The couple were arrested in January 2025, following concerns about one of the children in their custody upon his return from winter break, according to Hazard-based CBS affiliate WYMT. The student came back malnourished, bruised, and with a chipped tooth, leading to a complaint filed with the Kentucky State Police.
An ensuing investigation turned up more grave issues.
“These teachers were looking to make sure he was okay,” Pike County Commonwealth’s Attorney Bill Slone said in court. “And he was not okay. He was practically starved to death for five weeks.”
Troopers determined the children in the house were forced to live in a room locked from the outside with boarded-up windows. Authorities would compare the treatment to torture and insisted the couple did not want for resources to take care of the children properly.
“They were not drug addicts,” Slone said. “There were no drugs in the house. This was done with a clear mind. It was intentional.”

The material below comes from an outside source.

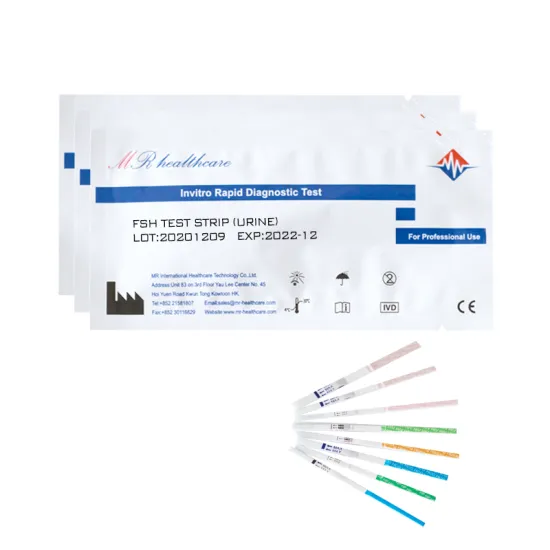 Wholesale Price FSH urine TEST kits FSH Rapid Test Strips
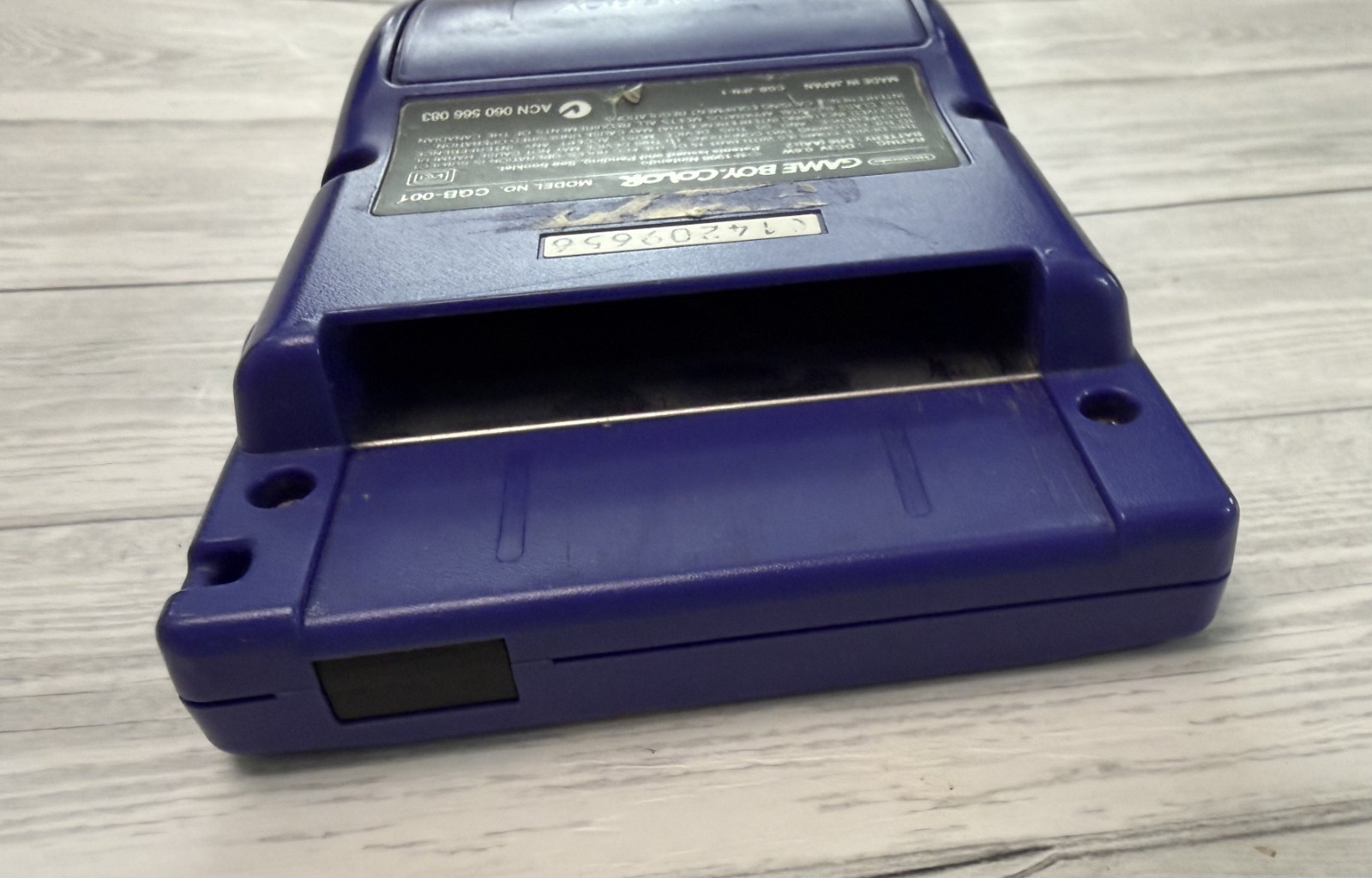 Nintendo Game Boy Color Purple Console Tested Working CGB-001 Japan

Hall took custody of the children after her sister died in a car crash in 2018 – their biological father was in prison for manslaughter. Then, in 2023, she moved in with Norman. That’s when things took a turn.
Soon, the children would come to school with mysterious bruises, educators noticed. At least one child displayed hunger patterns.

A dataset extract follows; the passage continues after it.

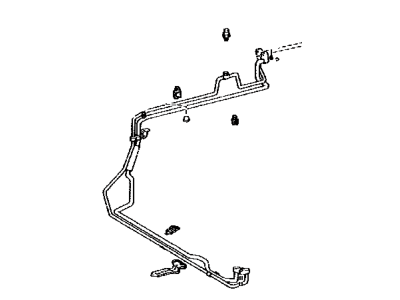 Toyota Supra A/C Hose - 88710-14090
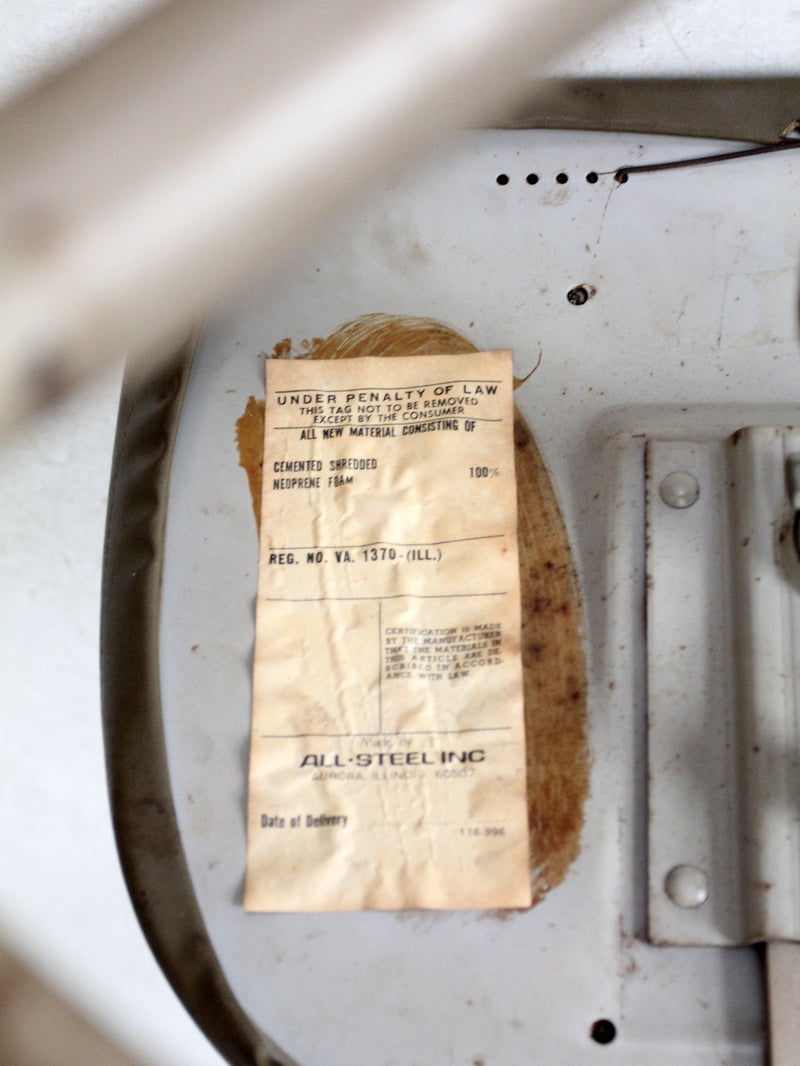 vintage 1970s All-Steel industrial adjustable stool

The oldest child was hospitalized five times – with one such stay lasting two and a half months – a social worker testified. All three children display mental emotional trauma along the lines of PTSD, ADHD, eating disorders, and development delays, she added.
“I did not see a typical child,” the social worker testified about first meeting the oldest child. “I saw evidence of prolonged suffering.”
As for where the children were kept, the social worker said there were “clear signs of confinement” when warrants were executed.
The children were also forced to perform manual labor and punished through the withholding of food – with the couple meting out most of the abuse to one child in particular.
“He sucked the insulation in the walls trying to get water,” the guardian ad litem of the children, a physician, said on Friday.
That child was forced to eat baby rice, the physician testified.
“Food is a basic human right,” she said. “It is not a punishment. You cannot take food away from a child because the child acts in a way you don’t agree with. They were tortured with food.”
The physician asked the court to impose the maximum sentence – which he did. The prosecutor welcomed that sentence as well.
“We are pleased with that,” Slone said. “Our laws don’t allow for cruel and unusual punishment, even to prisoners. So, they’ll never be subjected to the kind of punishment that they subjected those children to.”